=== TASK DIRECTIONS ===
The records should be written out in full, with nothing altered.

##### MATERIAL SUPPLIED #####

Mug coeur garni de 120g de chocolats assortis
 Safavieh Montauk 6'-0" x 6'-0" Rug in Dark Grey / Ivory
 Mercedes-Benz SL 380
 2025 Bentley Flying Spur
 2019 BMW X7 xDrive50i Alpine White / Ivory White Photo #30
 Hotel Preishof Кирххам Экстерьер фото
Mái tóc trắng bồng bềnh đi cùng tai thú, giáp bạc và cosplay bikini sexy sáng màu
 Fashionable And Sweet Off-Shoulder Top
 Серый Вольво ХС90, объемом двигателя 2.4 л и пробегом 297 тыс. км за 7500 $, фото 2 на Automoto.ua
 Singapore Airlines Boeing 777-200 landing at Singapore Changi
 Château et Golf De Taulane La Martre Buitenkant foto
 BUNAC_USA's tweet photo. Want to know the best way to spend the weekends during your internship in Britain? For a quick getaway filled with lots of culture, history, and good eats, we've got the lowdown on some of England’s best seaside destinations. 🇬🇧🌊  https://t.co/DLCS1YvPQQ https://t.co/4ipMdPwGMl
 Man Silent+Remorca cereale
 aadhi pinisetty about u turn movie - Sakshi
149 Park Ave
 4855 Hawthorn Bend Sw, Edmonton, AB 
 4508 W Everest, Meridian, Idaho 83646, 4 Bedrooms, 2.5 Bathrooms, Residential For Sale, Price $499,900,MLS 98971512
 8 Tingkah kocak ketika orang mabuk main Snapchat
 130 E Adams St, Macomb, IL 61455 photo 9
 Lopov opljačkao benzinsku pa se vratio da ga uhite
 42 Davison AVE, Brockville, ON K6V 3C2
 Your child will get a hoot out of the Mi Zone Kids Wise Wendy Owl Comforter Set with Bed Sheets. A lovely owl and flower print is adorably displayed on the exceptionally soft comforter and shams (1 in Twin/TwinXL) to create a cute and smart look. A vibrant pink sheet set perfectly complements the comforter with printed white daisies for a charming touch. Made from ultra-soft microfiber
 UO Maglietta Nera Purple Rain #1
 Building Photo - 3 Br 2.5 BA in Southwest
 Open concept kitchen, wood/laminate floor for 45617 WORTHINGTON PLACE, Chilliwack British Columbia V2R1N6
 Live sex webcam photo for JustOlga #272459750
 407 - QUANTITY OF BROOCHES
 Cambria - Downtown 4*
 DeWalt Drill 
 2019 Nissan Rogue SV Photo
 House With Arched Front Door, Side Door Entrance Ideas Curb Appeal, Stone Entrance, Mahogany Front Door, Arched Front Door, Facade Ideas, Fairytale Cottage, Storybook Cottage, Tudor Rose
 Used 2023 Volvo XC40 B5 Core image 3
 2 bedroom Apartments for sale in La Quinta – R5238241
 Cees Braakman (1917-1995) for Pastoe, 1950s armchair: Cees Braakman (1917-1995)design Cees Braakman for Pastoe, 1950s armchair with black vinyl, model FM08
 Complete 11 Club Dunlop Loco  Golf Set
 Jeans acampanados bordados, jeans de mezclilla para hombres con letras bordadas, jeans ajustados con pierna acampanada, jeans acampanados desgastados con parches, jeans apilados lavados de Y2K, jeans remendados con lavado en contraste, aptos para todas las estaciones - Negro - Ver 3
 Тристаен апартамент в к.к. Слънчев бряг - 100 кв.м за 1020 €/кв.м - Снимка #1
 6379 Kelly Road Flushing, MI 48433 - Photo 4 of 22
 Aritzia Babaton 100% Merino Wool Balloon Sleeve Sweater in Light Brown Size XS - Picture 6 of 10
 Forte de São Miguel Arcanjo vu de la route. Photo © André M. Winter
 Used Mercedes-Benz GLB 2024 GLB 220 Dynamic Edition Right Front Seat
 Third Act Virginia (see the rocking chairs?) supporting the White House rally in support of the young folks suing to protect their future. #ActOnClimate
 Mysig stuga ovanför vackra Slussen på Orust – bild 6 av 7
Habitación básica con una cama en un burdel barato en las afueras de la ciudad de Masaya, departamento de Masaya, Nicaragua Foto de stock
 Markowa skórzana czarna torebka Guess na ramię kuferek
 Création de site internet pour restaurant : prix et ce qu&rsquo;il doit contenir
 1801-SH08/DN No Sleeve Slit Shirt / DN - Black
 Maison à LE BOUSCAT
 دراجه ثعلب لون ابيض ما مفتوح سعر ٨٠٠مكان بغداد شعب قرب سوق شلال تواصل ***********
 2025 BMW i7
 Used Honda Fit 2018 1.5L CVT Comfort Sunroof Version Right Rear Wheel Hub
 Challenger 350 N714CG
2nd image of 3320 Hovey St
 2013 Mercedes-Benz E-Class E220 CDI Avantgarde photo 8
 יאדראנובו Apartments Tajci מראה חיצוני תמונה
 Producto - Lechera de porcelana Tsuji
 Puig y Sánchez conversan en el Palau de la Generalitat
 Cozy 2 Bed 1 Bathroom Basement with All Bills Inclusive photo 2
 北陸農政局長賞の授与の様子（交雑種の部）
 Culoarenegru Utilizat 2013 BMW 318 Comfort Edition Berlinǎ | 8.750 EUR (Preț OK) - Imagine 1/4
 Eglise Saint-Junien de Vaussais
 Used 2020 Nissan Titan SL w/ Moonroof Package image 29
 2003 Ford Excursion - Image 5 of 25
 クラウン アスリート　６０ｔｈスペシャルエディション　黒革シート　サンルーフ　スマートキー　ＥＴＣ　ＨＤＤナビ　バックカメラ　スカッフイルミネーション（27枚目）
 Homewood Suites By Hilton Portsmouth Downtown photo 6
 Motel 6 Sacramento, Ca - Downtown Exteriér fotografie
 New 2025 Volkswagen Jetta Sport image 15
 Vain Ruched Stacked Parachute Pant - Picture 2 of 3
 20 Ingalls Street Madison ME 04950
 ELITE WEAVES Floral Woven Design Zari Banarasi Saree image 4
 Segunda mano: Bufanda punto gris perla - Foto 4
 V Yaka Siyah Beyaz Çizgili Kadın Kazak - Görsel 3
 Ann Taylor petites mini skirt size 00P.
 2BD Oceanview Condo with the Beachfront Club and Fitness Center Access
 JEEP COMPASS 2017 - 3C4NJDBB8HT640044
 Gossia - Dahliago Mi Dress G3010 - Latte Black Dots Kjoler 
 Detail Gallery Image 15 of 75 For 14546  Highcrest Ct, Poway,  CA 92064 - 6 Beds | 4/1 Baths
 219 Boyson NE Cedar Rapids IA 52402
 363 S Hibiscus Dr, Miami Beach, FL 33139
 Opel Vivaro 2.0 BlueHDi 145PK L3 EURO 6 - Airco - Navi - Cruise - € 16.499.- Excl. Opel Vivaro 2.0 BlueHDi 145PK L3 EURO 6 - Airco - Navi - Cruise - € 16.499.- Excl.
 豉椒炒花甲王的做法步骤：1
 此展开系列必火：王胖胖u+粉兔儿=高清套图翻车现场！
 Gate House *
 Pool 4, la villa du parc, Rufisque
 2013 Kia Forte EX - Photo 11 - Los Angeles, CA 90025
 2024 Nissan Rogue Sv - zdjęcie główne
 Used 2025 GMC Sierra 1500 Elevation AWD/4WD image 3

#####

=== WRITTEN REPLY ===
Mug coeur garni de 120g de chocolats assortis
 Safavieh Montauk 6'-0" x 6'-0" Rug in Dark Grey / Ivory
 Mercedes-Benz SL 380
 2025 Bentley Flying Spur
 2019 BMW X7 xDrive50i Alpine White / Ivory White Photo #30
 Hotel Preishof Кирххам Экстерьер фото
Mái tóc trắng bồng bềnh đi cùng tai thú, giáp bạc và cosplay bikini sexy sáng màu
 Fashionable And Sweet Off-Shoulder Top
 Серый Вольво ХС90, объемом двигателя 2.4 л и пробегом 297 тыс. км за 7500 $, фото 2 на Automoto.ua
 Singapore Airlines Boeing 777-200 landing at Singapore Changi
 Château et Golf De Taulane La Martre Buitenkant foto
 BUNAC_USA's tweet photo. Want to know the best way to spend the weekends during your internship in Britain? For a quick getaway filled with lots of culture, history, and good eats, we've got the lowdown on some of England’s best seaside destinations. 🇬🇧🌊  https://t.co/DLCS1YvPQQ https://t.co/4ipMdPwGMl
 Man Silent+Remorca cereale
 aadhi pinisetty about u turn movie - Sakshi
149 Park Ave
 4855 Hawthorn Bend Sw, Edmonton, AB 
 4508 W Everest, Meridian, Idaho 83646, 4 Bedrooms, 2.5 Bathrooms, Residential For Sale, Price $499,900,MLS 98971512
 8 Tingkah kocak ketika orang mabuk main Snapchat
 130 E Adams St, Macomb, IL 61455 photo 9
 Lopov opljačkao benzinsku pa se vratio da ga uhite
 42 Davison AVE, Brockville, ON K6V 3C2
 Your child will get a hoot out of the Mi Zone Kids Wise Wendy Owl Comforter Set with Bed Sheets. A lovely owl and flower print is adorably displayed on the exceptionally soft comforter and shams (1 in Twin/TwinXL) to create a cute and smart look. A vibrant pink sheet set perfectly complements the comforter with printed white daisies for a charming touch. Made from ultra-soft microfiber
 UO Maglietta Nera Purple Rain #1
 Building Photo - 3 Br 2.5 BA in Southwest
 Open concept kitchen, wood/laminate floor for 45617 WORTHINGTON PLACE, Chilliwack British Columbia V2R1N6
 Live sex webcam photo for JustOlga #272459750
 407 - QUANTITY OF BROOCHES
 Cambria - Downtown 4*
 DeWalt Drill 
 2019 Nissan Rogue SV Photo
 House With Arched Front Door, Side Door Entrance Ideas Curb Appeal, Stone Entrance, Mahogany Front Door, Arched Front Door, Facade Ideas, Fairytale Cottage, Storybook Cottage, Tudor Rose
 Used 2023 Volvo XC40 B5 Core image 3
 2 bedroom Apartments for sale in La Quinta – R5238241
 Cees Braakman (1917-1995) for Pastoe, 1950s armchair: Cees Braakman (1917-1995)design Cees Braakman for Pastoe, 1950s armchair with black vinyl, model FM08
 Complete 11 Club Dunlop Loco  Golf Set
 Jeans acampanados bordados, jeans de mezclilla para hombres con letras bordadas, jeans ajustados con pierna acampanada, jeans acampanados desgastados con parches, jeans apilados lavados de Y2K, jeans remendados con lavado en contraste, aptos para todas las estaciones - Negro - Ver 3
 Тристаен апартамент в к.к. Слънчев бряг - 100 кв.м за 1020 €/кв.м - Снимка #1
 6379 Kelly Road Flushing, MI 48433 - Photo 4 of 22
 Aritzia Babaton 100% Merino Wool Balloon Sleeve Sweater in Light Brown Size XS - Picture 6 of 10
 Forte de São Miguel Arcanjo vu de la route. Photo © André M. Winter
 Used Mercedes-Benz GLB 2024 GLB 220 Dynamic Edition Right Front Seat
 Third Act Virginia (see the rocking chairs?) supporting the White House rally in support of the young folks suing to protect their future. #ActOnClimate
 Mysig stuga ovanför vackra Slussen på Orust – bild 6 av 7
Habitación básica con una cama en un burdel barato en las afueras de la ciudad de Masaya, departamento de Masaya, Nicaragua Foto de stock
 Markowa skórzana czarna torebka Guess na ramię kuferek
 Création de site internet pour restaurant : prix et ce qu&rsquo;il doit contenir
 1801-SH08/DN No Sleeve Slit Shirt / DN - Black
 Maison à LE BOUSCAT
 دراجه ثعلب لون ابيض ما مفتوح سعر ٨٠٠مكان بغداد شعب قرب سوق شلال تواصل ***********
 2025 BMW i7
 Used Honda Fit 2018 1.5L CVT Comfort Sunroof Version Right Rear Wheel Hub
 Challenger 350 N714CG
2nd image of 3320 Hovey St
 2013 Mercedes-Benz E-Class E220 CDI Avantgarde photo 8
 יאדראנובו Apartments Tajci מראה חיצוני תמונה
 Producto - Lechera de porcelana Tsuji
 Puig y Sánchez conversan en el Palau de la Generalitat
 Cozy 2 Bed 1 Bathroom Basement with All Bills Inclusive photo 2
 北陸農政局長賞の授与の様子（交雑種の部）
 Culoarenegru Utilizat 2013 BMW 318 Comfort Edition Berlinǎ | 8.750 EUR (Preț OK) - Imagine 1/4
 Eglise Saint-Junien de Vaussais
 Used 2020 Nissan Titan SL w/ Moonroof Package image 29
 2003 Ford Excursion - Image 5 of 25
 クラウン アスリート　６０ｔｈスペシャルエディション　黒革シート　サンルーフ　スマートキー　ＥＴＣ　ＨＤＤナビ　バックカメラ　スカッフイルミネーション（27枚目）
 Homewood Suites By Hilton Portsmouth Downtown photo 6
 Motel 6 Sacramento, Ca - Downtown Exteriér fotografie
 New 2025 Volkswagen Jetta Sport image 15
 Vain Ruched Stacked Parachute Pant - Picture 2 of 3
 20 Ingalls Street Madison ME 04950
 ELITE WEAVES Floral Woven Design Zari Banarasi Saree image 4
 Segunda mano: Bufanda punto gris perla - Foto 4
 V Yaka Siyah Beyaz Çizgili Kadın Kazak - Görsel 3
 Ann Taylor petites mini skirt size 00P.
 2BD Oceanview Condo with the Beachfront Club and Fitness Center Access
 JEEP COMPASS 2017 - 3C4NJDBB8HT640044
 Gossia - Dahliago Mi Dress G3010 - Latte Black Dots Kjoler 
 Detail Gallery Image 15 of 75 For 14546  Highcrest Ct, Poway,  CA 92064 - 6 Beds | 4/1 Baths
 219 Boyson NE Cedar Rapids IA 52402
 363 S Hibiscus Dr, Miami Beach, FL 33139
 Opel Vivaro 2.0 BlueHDi 145PK L3 EURO 6 - Airco - Navi - Cruise - € 16.499.- Excl. Opel Vivaro 2.0 BlueHDi 145PK L3 EURO 6 - Airco - Navi - Cruise - € 16.499.- Excl.
 豉椒炒花甲王的做法步骤：1
 此展开系列必火：王胖胖u+粉兔儿=高清套图翻车现场！
 Gate House *
 Pool 4, la villa du parc, Rufisque
 2013 Kia Forte EX - Photo 11 - Los Angeles, CA 90025
 2024 Nissan Rogue Sv - zdjęcie główne
 Used 2025 GMC Sierra 1500 Elevation AWD/4WD image 3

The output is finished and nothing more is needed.